Sedikit menengok ke pulau paling selatan di Indonesia, maka kita akan menjumpai satu pulau yang terkenal akan keindahan pantai dan kekayaan sumber daya alam yang patut di perhitungkan yaitu Pulau Rote.
Tempat yang menyimpan sejuta potensi, sumber daya alam yang tiada habis nya jika di bahas, sudah terkenal sekali akan gugusan gelombang air laut nya di seantero pelosok, dan sering di kunjungi peselancar dunia untuk memacuh adrenalinnya, tetapi mari sedikit menggeser arah pandang dan menaruh sedikit perhatian pada sebuah potensi alam yang kini mulai terkikis oleh moderenisasi, sangat tidak bijaksana jika dibiarkan begitu saja.
Terutama sumber daya alam nya, yang menjadi mata pencaharian masyarakat jika memasuki musim paceklik, kebanyakan masyarakat sangat memanfaatkan momen ini sebagai tambahan penghasilan mereka.
Dari awal bulan juli hingga bulan november para lelaki mulai turun ke kawasan ladang mereka, sekitar pukul 05.00 Wita dan mulai menyadap Nira Lontar yang biasa disebut "Tuak", oleh masyarakat Pulau Rote, ketika petang hari mereka akan pergi kembali menggambil air hasil dari sadapan dan membuat sadapan baru lagi untuk kemudian diambil pada pagi nya, jika angin bertiup sangat keras malah semakin membuat air nira semakin banyak dan kualitas nya semakin bagus.
Mengenal Pohon Lontar dan Hasil Pengelolahan
Pohon Lontar atau (Borassus flabellifer) memang sangat banyak di temui pada kawasan Pulau Rote tumbuh subur di tanah tandus pada lingkungan tropis Pulau Rote, rasa yang di hasilkan dari sadapan pohon lontar sangat manis, baunya harum, biasa diolah air nira nya untuk di jadikan sebagai gula air, gula lempeng, atau biasa nya di haluskan sehingga menjadi butiran-butiran seperti pasir yang dinamai dengan gula semut.

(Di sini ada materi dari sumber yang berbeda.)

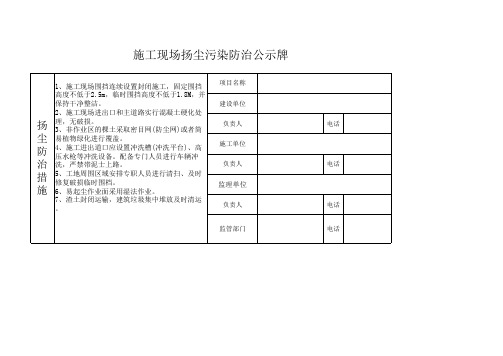 扬尘防治公示牌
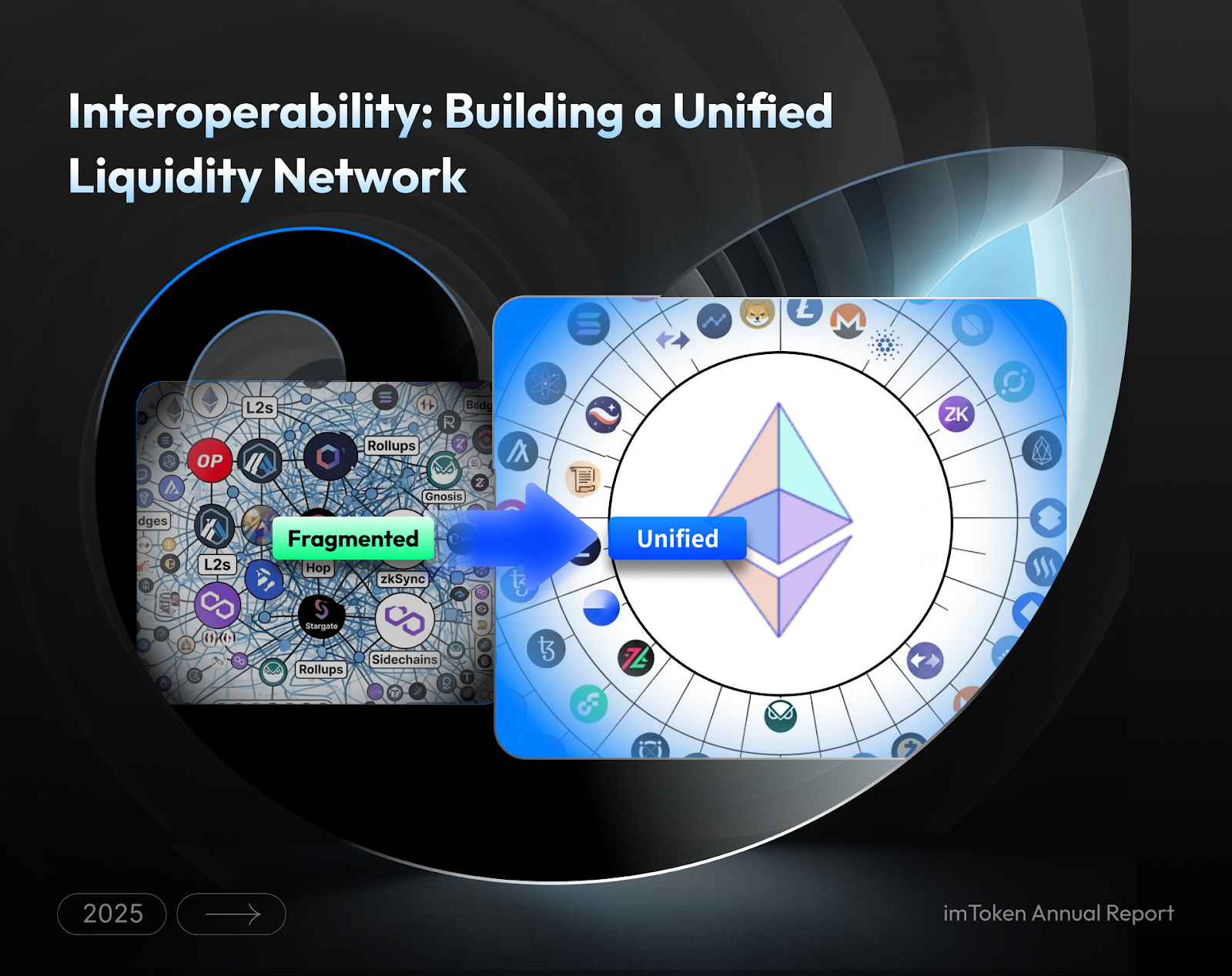 imToken Wallet Website | imToken 2025 Annual Report | World-renowned  digital asset management tool, supporting Bitcoin, Ethereum, DOGE, Vaulta,  Cosmos, Litecoin, TRON, BCH, Nervos, TON and other blockchains.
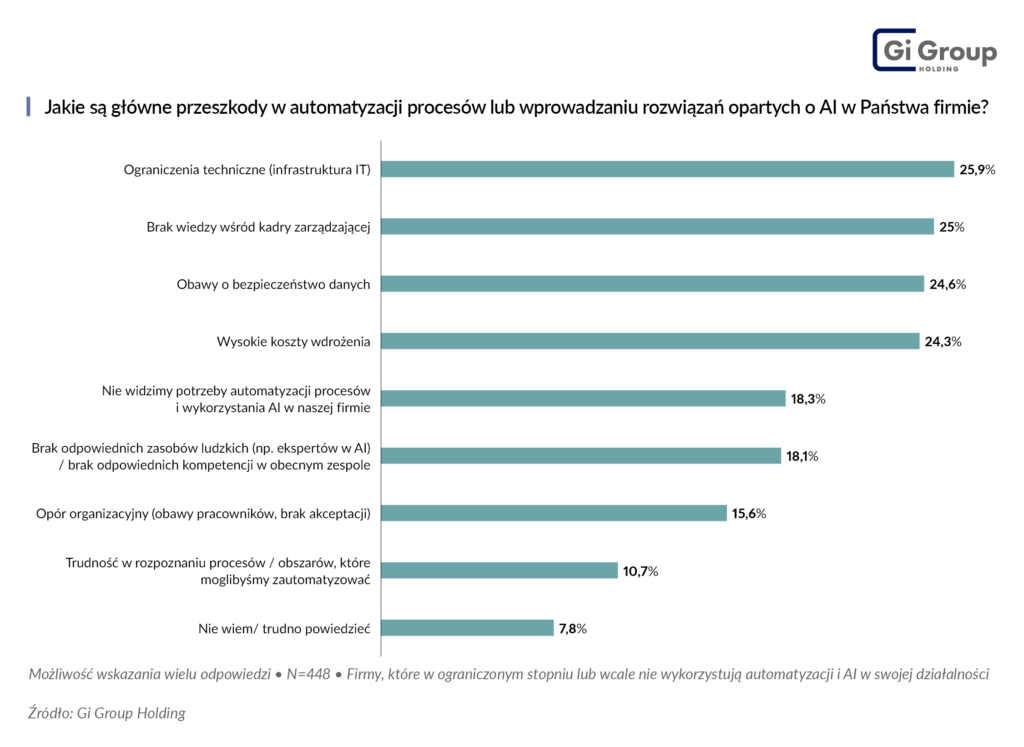 przeszkody automatyzacji i AI Barometr Rynku Pracy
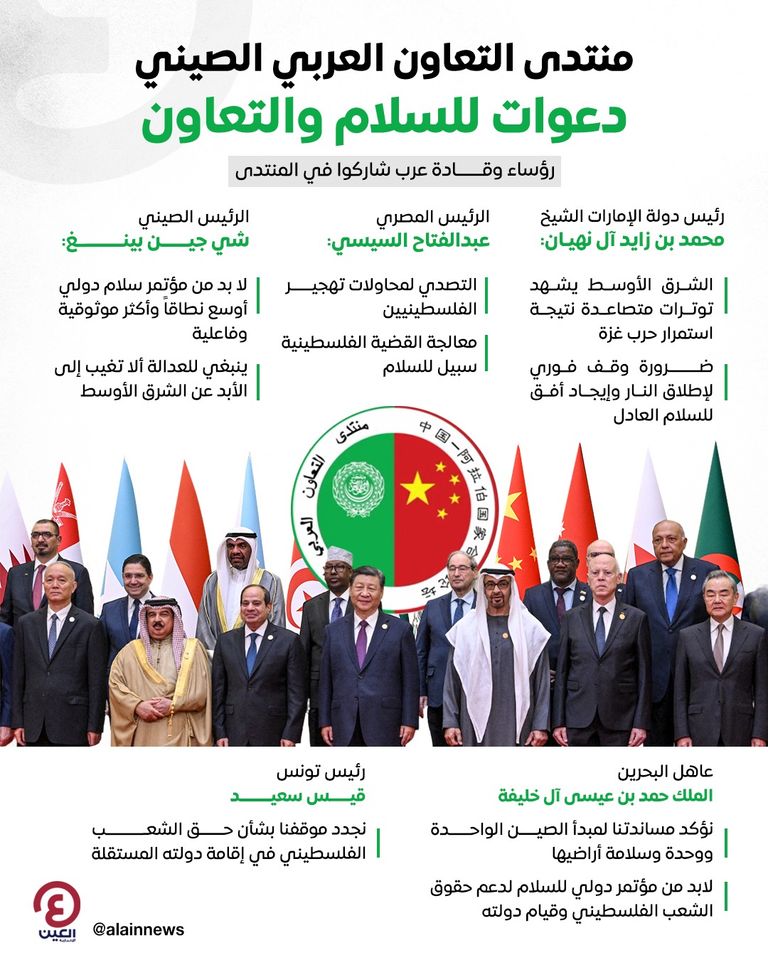 رئيس دولة الإمارات ونظيره الصيني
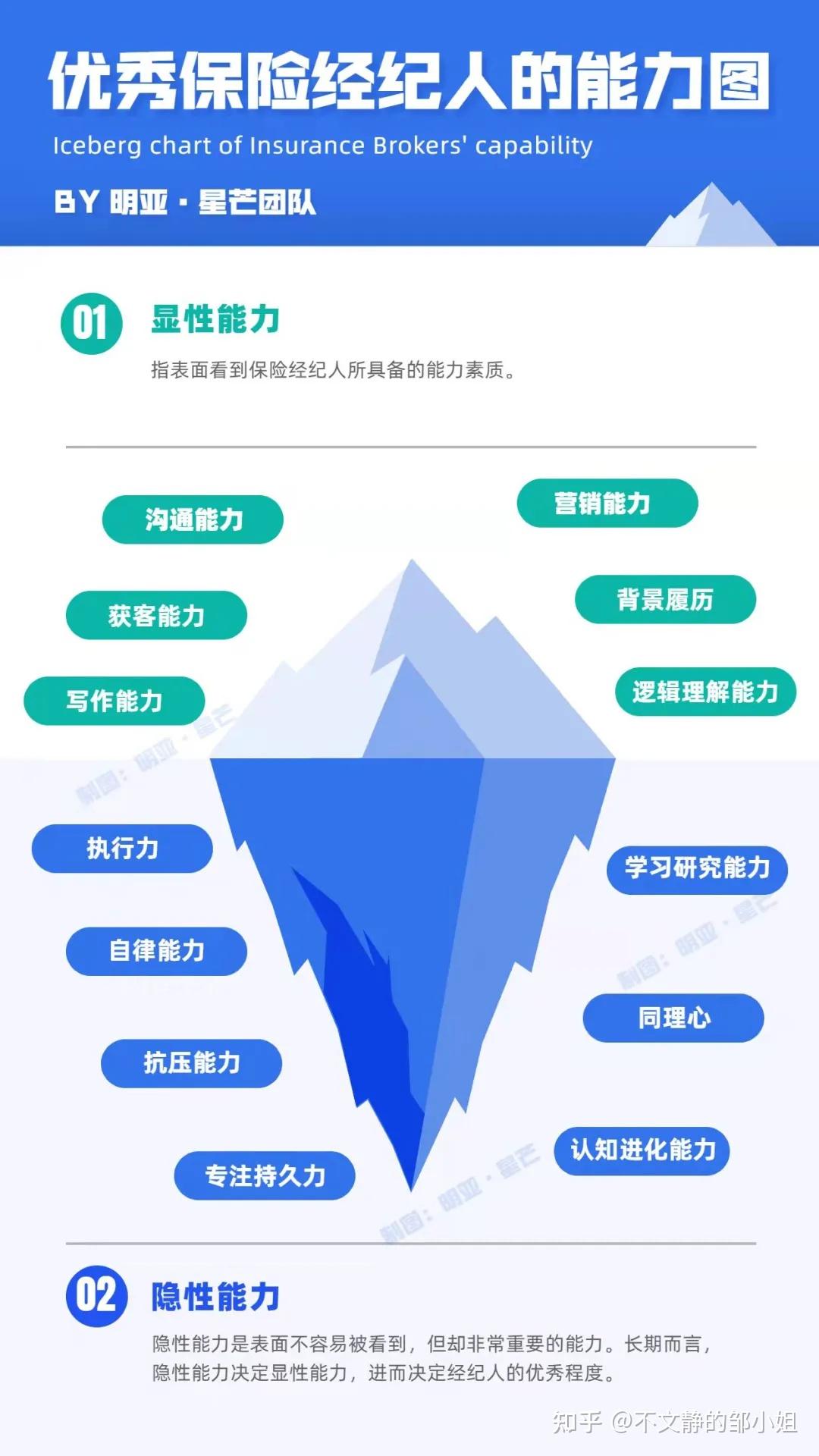 脚本分镜模板_分镜脚本_脚本分镜头怎么写
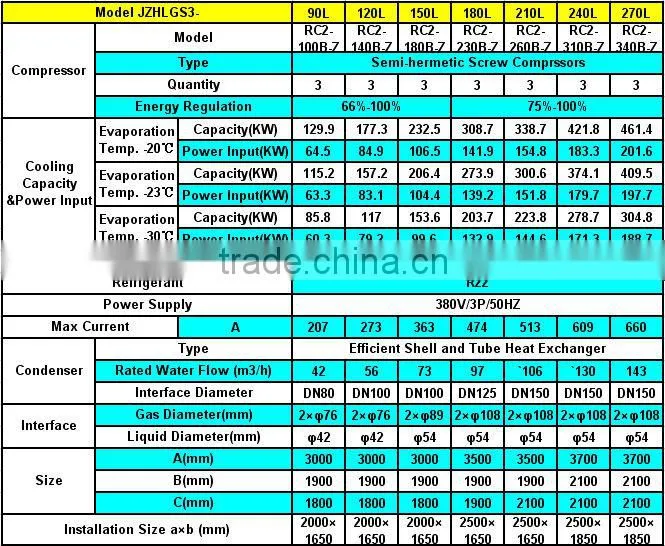 Hanbell Screw Compressor Middle Temperature Screw Compressor Racks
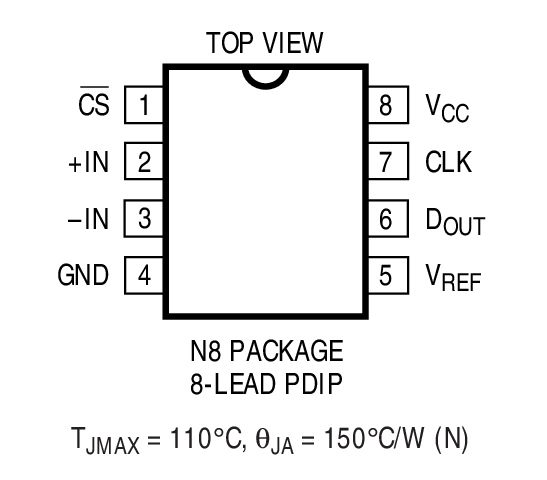 LTC1092װͼ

Proses pembuatan nya dengan cara memasak air nira pada tungku-tungku api yang telah di dibuat menggunakan tanah liat, memasak nya juga dibutuhkan waktu yang cukup lama sekitar 3-4 jam proses pemasakan, dari 4 periuk (tempat memasak air nira) yang dipakai untuk memasak menghasilkan 1 jerigen gula air, sedangkan jika ingin di buat menjadi gula lempeng, setelah dimasak lalu di keringkan agar gula tersebut menjadi padat dan siap dipakai.
Selain itu bisa dimanfaatkan kembali menjadi cuka atau kecap. Masyarakat pulau Rote sangat menggantungkan hidup nya dengan memproduksi hasil dari sadapan pohon lontar, selain dari hasil sawah. Karena kebanyakan wisatawan baik lokal maupun asing yang setiap kali berkunjung selalu menyempatkan diri untuk membelinya di pasar ibu kota kabupaten maupun pasar mingguan di kecamatan untuk dijadikan buah tangan ketika hendak kembali ke asal mereka masing-masing.
Harga dari hasil memasak air nira yang di buat menjadi gula air setiap jerigen nya seharga Rp71.000-100.000 tergantung dengan kualitas nya, dan harga gula lempeng biasanya Rp10.000-20.000 per-bungkusan nya.
Makanya masyarakat Pulau Rote sangat menaruh harapan hidupnya pada hasil dari pemanfaatan pohon lontar, sudah ratusan tahun pula masyarakat Pulau Rote memanfaatkan air nira sebagai minuman pokok, seperti sudah terjadi keterikatan antara gaya hidup para masyarakat mengonsumsi hasil dari sadapan air nira.
Selain itu masyarakat Pulau Rote memanfaatkan hasil dari pohon lontar untuk dijadikan tempat untuk menaruh sirih pinang, kertas, anyaman untuk di pakai contoh nya topi khas Pulau Rote yang disebut Ti'i Langga, serta alat musik yang telah terkenal baik dalam negeri maupun di luar negeri yaitu Sasando.